Take the line that contains "M&eacute;sange charbonni&egrave;re - Parus" and each line after it to the end of the material below, and return them exactly, minus the pictures.

Information supplied
*-*-*
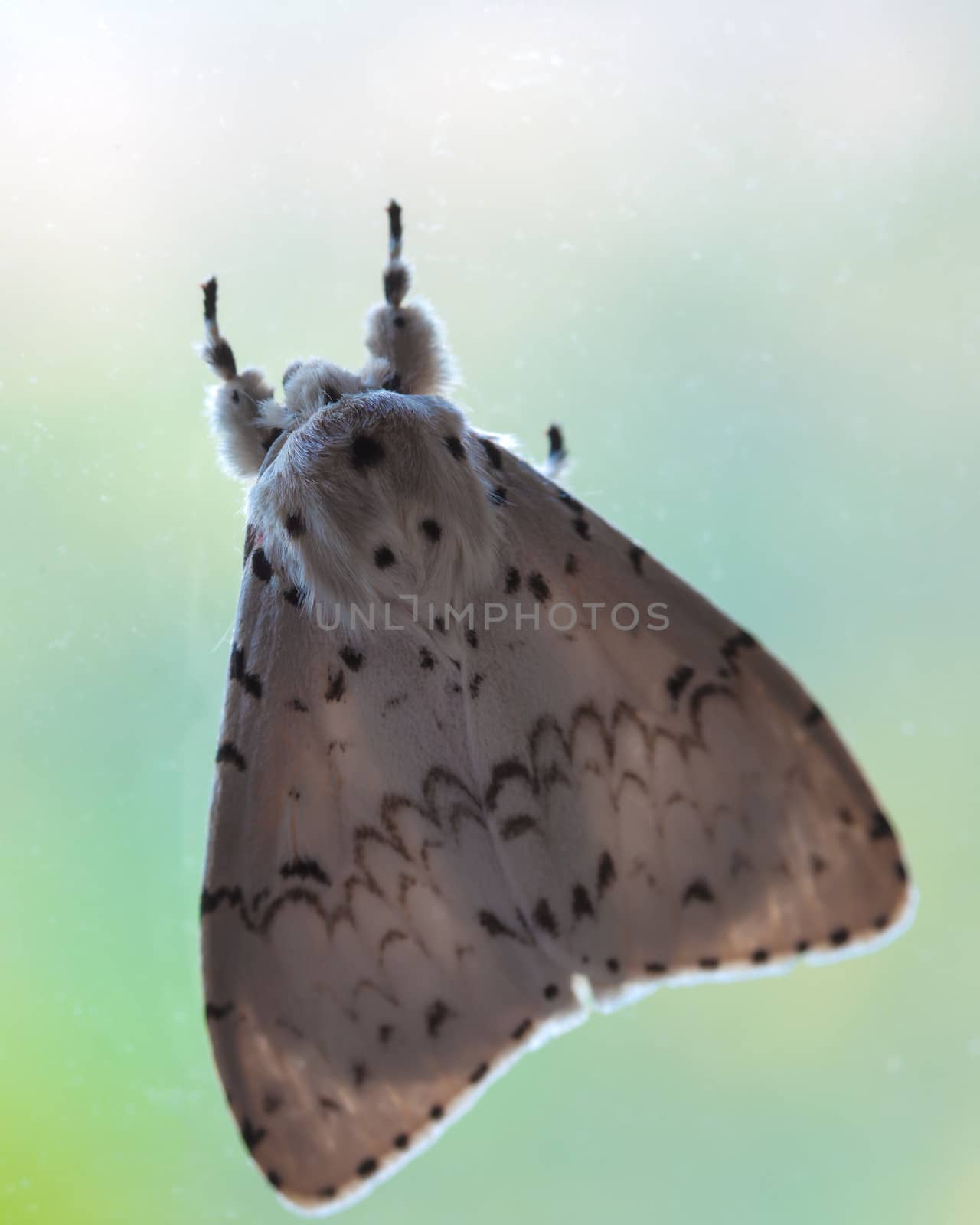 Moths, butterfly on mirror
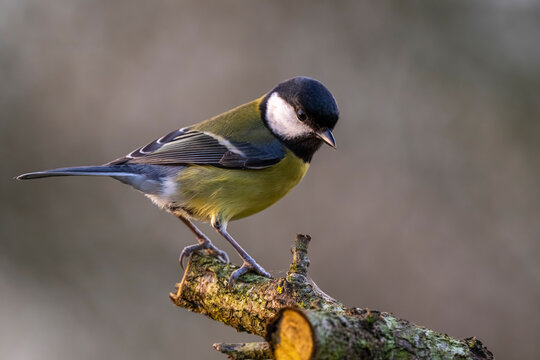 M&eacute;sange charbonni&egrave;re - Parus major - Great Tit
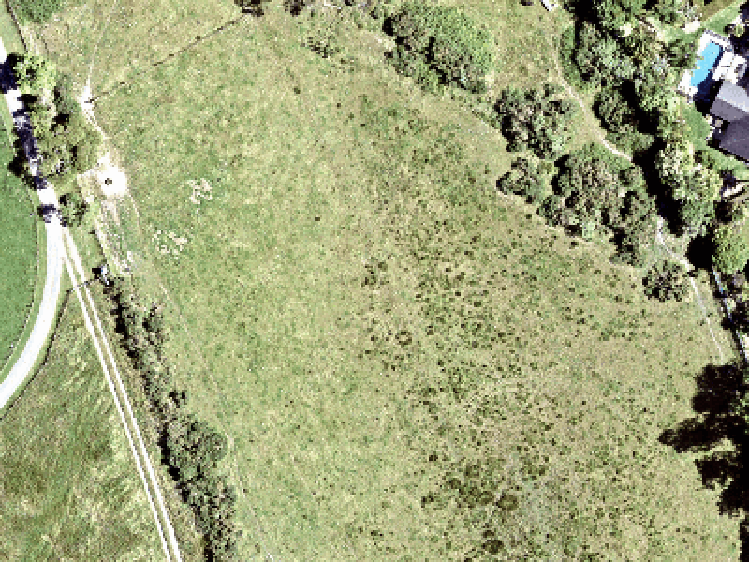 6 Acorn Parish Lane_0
*-*-*
Written solution
 M&eacute;sange charbonni&egrave;re - Parus major - Great Tit
 6 Acorn Parish Lane_0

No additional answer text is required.